After the briefest of pauses we find ourselves in “Coyoacán, Place of Coyotes”, otherwise revealed as Mexico City and apparently another city familiar to this wandering writer. As Stewart declares in his introduction,

“ … Like lost empires—British, Hapsburgian or Aztec—ghostly voices from the past resurface from the imperialistic underworld and merge into some form of consciousness. Secrets from that past do not remain forever secrets, one of my protagonists thinks. Everything in our world, every object and every person, point back toward the revelation of the mystery of existence and its one common origin. Thus everything is a copy of something else which is a replica of a replica of a copy of an original as in the story Melancholy. Existence becomes repetition—and nothing is lost.

“ Therefore, my characters search for something different. Although I accept that I am locked in the white race for which I hold little hope, my personae want to be ‘out there’ where I believe we all should be. In the same way the characters in these stories may never find that which they are seeking; they may never even find the perfect replacement for what they think of as their permanent place, somewhere beyond their obsessions for that one place and one person that will be the end of the search—the result of the injudicious weight I, the writer, give to place.

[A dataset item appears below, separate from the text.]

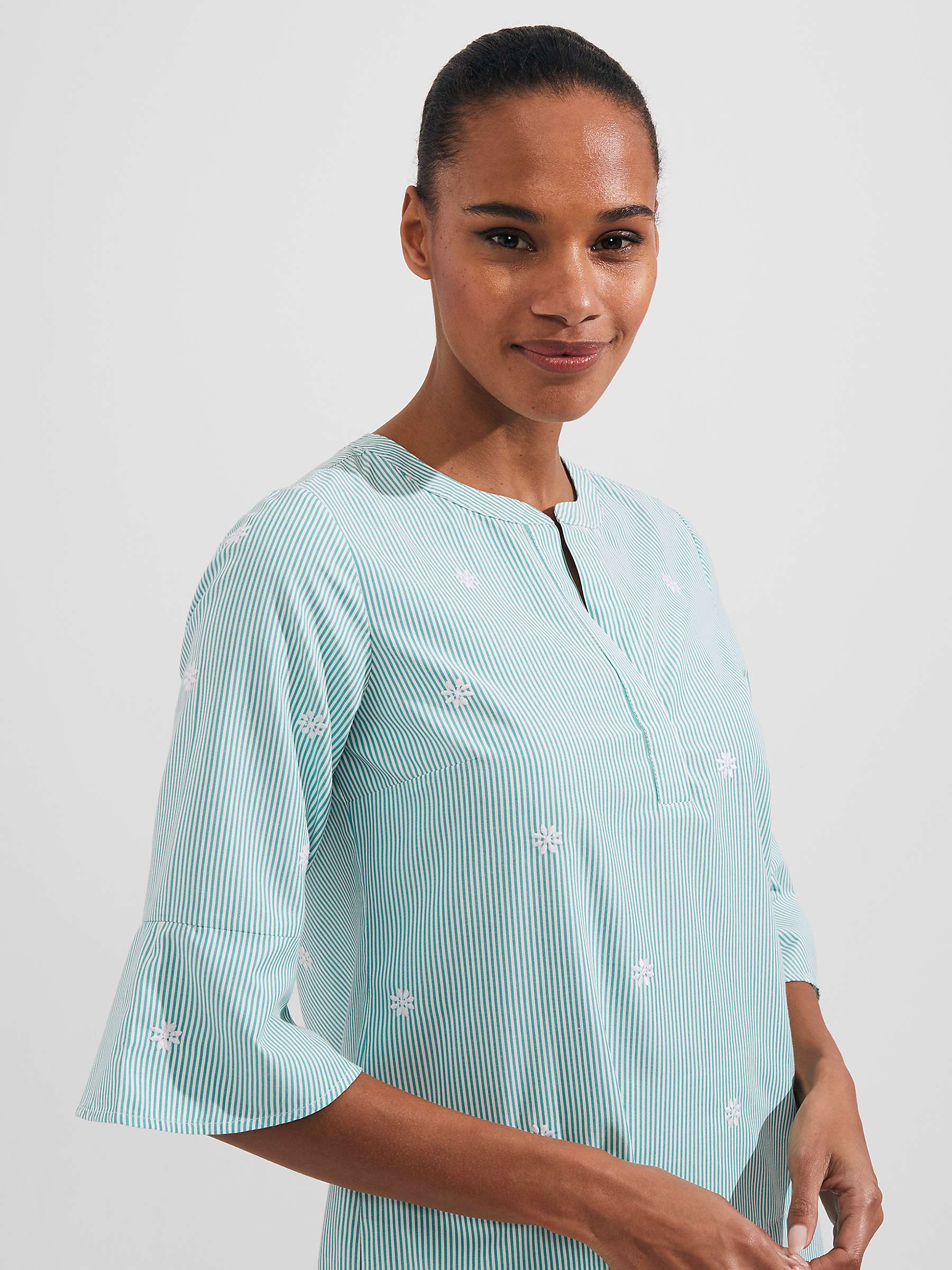 Buy Hobbs Acacia Stripe and Embroidery Flared Sleeve Top, Aruba Green Online at johnlewis.com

I respect the past but like the narrator-hero of Coyoacan-Place of the Coyotes, I never intend a return to it. …”

And indeed, a vision of the lost Aztec culture which pervades the story is never far below the surface of modern Mexico City, although it is a far cry from thence to the dark slums visited by the narrator and Stewart alter-ego in one part of the tale. This writer’s mind is adept at finding connections between the ancient and the modern, the glorious and the decrepit. And the role played by a certain modern empire in the degradation of the particular ancient empire in the story’s background is considered worthy of fleeting mention. An auditory cameo appearance by the great transformative musical figure Dave Brubeck may not be completely irrelevant among the network of spiritual and historical connections associated with this stop on the book’s spatial/temporal odyssey.

But the action moves through a shifting array of human dramas, as well, over the course of the ensuing stories—which include love affairs, dependence, psychiatry, drinking and altered consciousness, aging, obsession with sex, uprooted vagabond migration, and other adult maladies and pleasures. Malcolm Lowry, author of “Under the Volcano”, might have felt a certain familiarity with the surroundings in some of Gaither Stewart’s fine tales. Those who have refused to be confined within the bubbles of expected and pre-programmed behavior will catch glimpses of themselves in the reflected images. And those who have long felt tempted to join them, but have never succumbed, may welcome a voyeuristic perusal of what might lie ahead.

Gregory Barrett is an American musician,  writer and translator who lives in Germany.